OK, so if you’re reading this you probably don’t go to school. You probably haven’t purchased a tonne of stationary that you’ll never use or spent the last night of the holidays looking for your school shoes. But in the music industry, September still marks a new start. The festival season is over, and club life starts up again. Record labels ramp up their release schedules after a quiet summer, and industry people start heading home from Ibiza. So it’s an ideal time to take a look at some classic music production tips that may help you improve your tunes…
Broaden Your Horizons
If you only listen to music from the genres you’re trying to write, you’ll find your tracks start heading down a cul-de-sac of influence and creativity. All the best records bring something new to the table, and to do this you need to be checking out as much good music as possible. Whether it’s Marvin Gaye, Jimi Hendrix or Talking Heads, there’s always things you can learn from a classic album or two that you could apply to your own tracks. The dubstep classic ‘Qawwali’ by Pinch came about after he got a CD of traditional Pakistani music, for instance. So make sure you listen to a broad range of great music, get out to some gigs, and get inspired!
Tidy Your Room!
That’s right, get your chores done. If you’re not bursting with ideas and creative energy, then make sure you spend some time getting things ready for when things finally click. Do that studio re-wire that you’ve been putting off, make that sampler instrument of really good kick drums, re-organise your sample library, sample some of your old vinyls, make some interesting patches on your synth, and yes, tidy your workspace.
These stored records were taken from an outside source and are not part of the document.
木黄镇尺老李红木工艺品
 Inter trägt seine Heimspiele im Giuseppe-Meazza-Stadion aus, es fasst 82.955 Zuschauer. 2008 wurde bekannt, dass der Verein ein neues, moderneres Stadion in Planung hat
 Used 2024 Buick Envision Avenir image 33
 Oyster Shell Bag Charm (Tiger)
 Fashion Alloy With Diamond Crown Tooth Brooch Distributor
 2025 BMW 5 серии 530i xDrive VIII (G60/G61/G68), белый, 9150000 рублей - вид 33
This way, at least you’re using your studio time productively, and when inspiration strikes, nothing will get in the way of you and your new tunes.
Reference, Reference, Reference
We can’t emphasise this one enough. One of the key tricks to getting a good mixdown is to constantly reference your tracks against other tunes and in other situations. Keep listening to other tracks – both within your chosen genre and outside – to make sure you have a good handle on what kind of bass levels are normal, what people do with their transients, how much compression you need to be using. Obviously you don’t necessarily want to copy these tracks, but it’s an important way of stepping back from your mix and getting some all-important perspective, to make sure you don’t get so caught up in your own sounds that you lose track of where the mix should be going. This applies to other speakers too – listen to your tracks on as many different systems as you can, to make sure you haven’t been blinded by the shortcomings of your own room or monitoring setup.
Break The Rules
You see a lot of received wisdom on forums, music websites and even coming from friends, that it can be easy to start following rules without really knowing why. EQ like this, always compress that, set your bass to a certain dB level. Sometimes this can be good knowledge to have, but it doesn’t mean you shouldn’t try things your own way. So have a go at redlining those percussions sometime, force your effects plugins to make noises they’re not supposed to make, turn everything upside down. It might sound terrible, but if you get one good result out of it, then it’s worth doing!
The most cliched music advice of all time. We know. But it’s also very true, and very important. You’ll notice that all the producers who make it big in this game are people who have made their own sound, stuck with it, and created something new. By contrast, their copycats usually have a short shelf-life, and have been and gone within 18 months. So try not to copy others – just take influence from them and use that to build your own thing. It’s more fun, it’s more creative, and ultimately it’ll give you a much greater chance of success.
So remember some of these tips as you don your school tie and sit down to crank out some chunky beats – they’ll stand you in good stead when it comes to exam time next summer!